Одновременно с этой статьей Белинского вышла в Москве брошюра славянофила К. С. Аксакова «Несколько слов о поэме Гоголя „Похождения Чичикова, или Мертвые души“». К. С. Аксаков противопоставил поэму Гоголя современному роману, явившемуся в свет в результате распада эпоса. «Древний эпос, перенесенный из Греции на Запад, мелел постепенно; созерцание изменялось и перешло в описание». «Название поэмы сделалось укоризненно-насмешливым именем. Все более и более выдвигалось происшествие, уже мелкое и мелеющее с каждым шагом, и наконец сосредоточило на себе все внимание, весь интерес устремился на происшествие, на анекдот, который становился хитрее, замысловатее, занимал любопытство, заменившее эстетическое наслаждение; так снизошел эпос до романов и, наконец, до французской повести. Мы потеряли, мы забыли эпическое наслаждение; наш интерес сделался интересом интриги, завязки: чем кончится, как объяснится такая-то запутанность, что из этого выйдет?»
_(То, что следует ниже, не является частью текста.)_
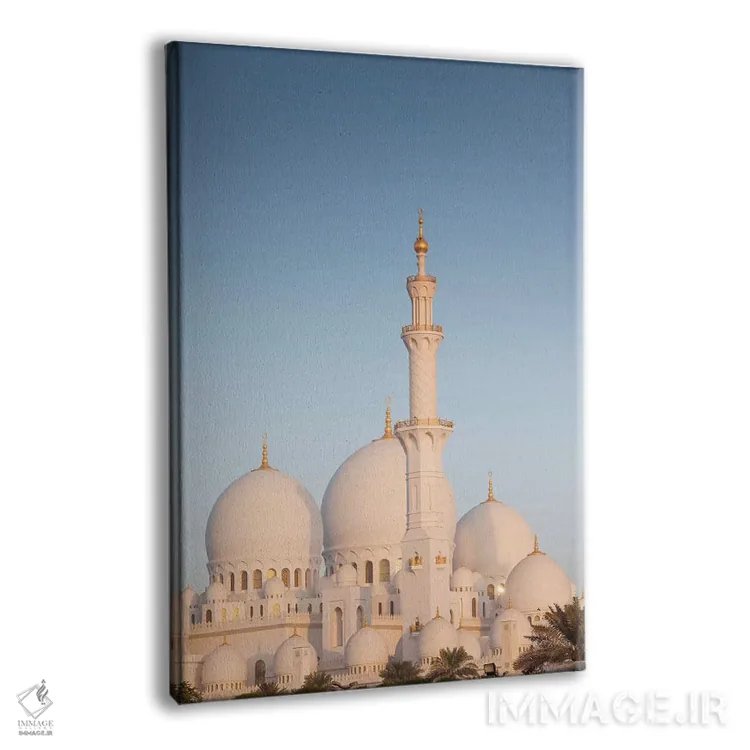 تابلو دکوراتیو Abu Dhabi. Sheikh Zayed bin Sultan Mosque I,امارات، ابوظب… اثر والتر بیبیکوف - نمای پرسپکتیو محصول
И вдруг является поэма Гоголя, в которой мы с недоумением ищем и не находим «нити завязки романа», ищем и не находим «интриги помудренее». «На это на все молчит поэма; она представляет вам целую сферу жизни, целый мир, где опять, как у Гомера, свободно шумят и блещут воды, всходит солнце, красуется вся природа и живет человек». Конечно, «Илиада» Гомера не может повториться, да Гоголь и не ставит такой цели перед собой. Он возрождает «эпическое созерцание», утраченное в современной повести и романе. «Некоторым может показаться странным, что лица у Гоголя сменяются без особенной причины: это им скучно; но основание упрека лежит опять-таки в избалованности эстетического чувства. Именно эпическое созерцание допускает это спокойное появление одного лица за другим, без внешней связи, тогда как один мир объемлет их, связуя их глубоко и неразрывно единством внутренним». Какой же мир объемлет поэма Гоголя, какой единый образ объединяет в ней все многообразие явлений и характеров? «В этой поэме обхватывается широко Русь», тайна русской жизни заключена в ней и хочет выговориться художественно.
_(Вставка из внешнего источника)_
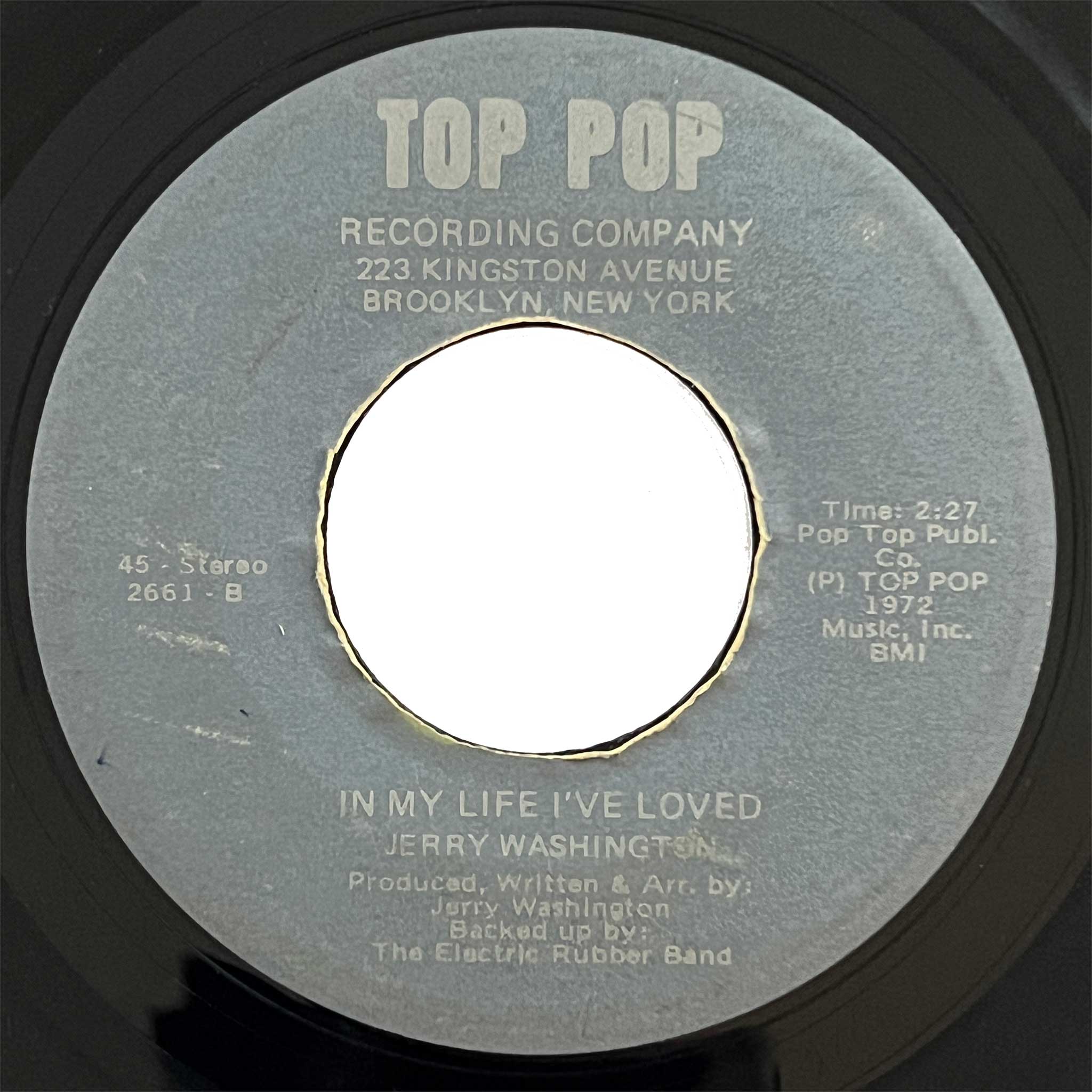 Jerry Washington - In My Life I've Loved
Таковы основные мысли брошюры К. С. Аксакова, слишком отвлеченной от текста поэмы, но проницательно указавшей на принципиальные отличия «Мертвых душ» от классического западноевропейского романа. К сожалению, этот взгляд остался неразвитым и не закрепился в сознании читателей и в подходе исследователей к анализу гоголевской поэмы. Восторжествовала точка зрения Белинского, которую он высказал не в первой, а в последующих статьях, полемически направленных против брошюры Аксакова.
В статье «Несколько слов о поэме Гоголя „Похождения Чичикова, или Мертвые души“» (Отечественные записки. – 1842. – № 8), полемизируя с брошюрой К. С. Аксакова, Белинский говорит: «В смысле поэмы „Мертвые души“ диаметрально противоположны „Илиаде“. В „Илиаде“ жизнь возведена на апофеозу; в „Мертвых душах“ она разлагается и отрицается; пафос „Илиады“ есть блаженное упоение, проистекающее от созерцания дивно божественного зрелища; пафос „Мертвых душ“ есть юмор, созерцающий жизнь „сквозь видимый миру смех и незримые, неведомые ему слезы“».
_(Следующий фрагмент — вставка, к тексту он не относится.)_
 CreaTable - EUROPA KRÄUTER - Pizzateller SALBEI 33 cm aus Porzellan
В первой статье Белинский подчеркивал жизнеутверждающий пафос «Мертвых душ», теперь он делает акцент на обличении и отрицании. Еще более усиливается это в следующей статье, где Белинский откликается уже на возражения К. С. Аксакова в девятом номере «Москвитянина» за 1842 год. Белинский и называет эту статью «Объяснение на объяснение по поводу поэмы Гоголя „Мертвые души“» (Отечественные записки. – 1842. – № 11). Обращая внимание на слова Гоголя в первом томе о «несметном богатстве русского духа», Белинский с иронией говорит: «Много, слишком много обещано, так много, что негде и взять того, чем выполнить обещание, потому что того и нет еще на свете…» «Не зная, как, впрочем, раскроется содержание в двух последних частях, мы еще не понимаем ясно, почему Гоголь назвал „поэмою“ свое произведение, и пока видим в этом названии тот же юмор, каким растворено и проникнуто насквозь это произведение… И поэтому великая ошибка писать поэму, которая может быть возможна в будущем».
Получается, что Белинский глубоко сомневается теперь в позитивном, жизнеутверждающем начале русской жизни, считает устремления творческой мысли Гоголя рискованными и видит преимущество «Мертвых душ» над эпосом в глубине и силе обличения темных сторон русской действительности. Вслед за этими двумя статьями Белинского, воспринятыми догматически как последнее слово никогда не ошибавшегося великого критика-демократа и социалиста, несколько поколений русских читателей и литературоведов видели в «Мертвых душах» Гоголя только беспощадную сатиру на «мерзости» крепостнической действительности.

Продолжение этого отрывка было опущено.